Hay muchas formas de visualizar el final del verano. La canción del mismo nombre que, con grave languidez, entonaban nuestros representantes dinámicos, pulcros y un pelín naif del pop de los primeros sesenta; el luctuoso episodio final de Verano Azul que nos obligaría a revivir el merecido final de Chanquete; mi favorito y más crepuscular: la playa vacía del Lido, las casetas de baño de colores vibrando como en un cuadro impresionista y Dirk Bogarde, sudoroso y amantado, desmadejado en una tumbona contemplando a un tierno efebo corretear con un delicioso bañador a rayas. Esperando su muerte en Venecia.
Hay algo en la temporada baja que me subyuga.

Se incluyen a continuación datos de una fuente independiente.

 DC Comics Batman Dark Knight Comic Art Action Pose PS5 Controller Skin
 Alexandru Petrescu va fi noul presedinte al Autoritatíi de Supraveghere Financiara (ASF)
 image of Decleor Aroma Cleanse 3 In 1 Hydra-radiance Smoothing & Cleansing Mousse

El hostelero de toda la vida, que en verano es incapaz de distinguir tu cara entre la turba de turistas, recobra el entusiasmo por tu persona y te engorda las tapas. Las playas limpian su horizonte y los chiringuitos ya no aumentan sus emisiones a base de fritanga. Las noches de los jueves vuelven a ser golfas, ideales para una escapadita. Solo para profesionales.

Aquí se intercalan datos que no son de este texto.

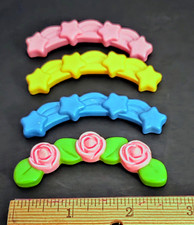 Fisher Price Fun Food Create A Wedding / Bithday Cake 4 Different Icing Pieces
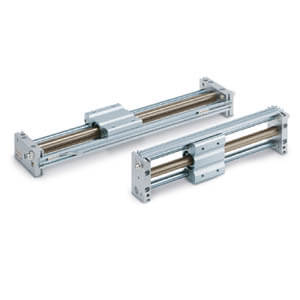 CY1S-Z, magnētiski savienots bezstieņa cilindrs, Slide Bearing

En la foto de Mónica Irago hay temporada baja pero también hay un divertido discurso gráfico trufado de diferentes planos en los que hay tumbonas, un bañista, palos, boyas, dos botes, un velero y horizonte. Esta foto tiene mucho que ver con el dibujo. Parece haber sido hecha con una de aquellas ingeniosas máquinas ópticas que empleaban los pintores del Renacimiento.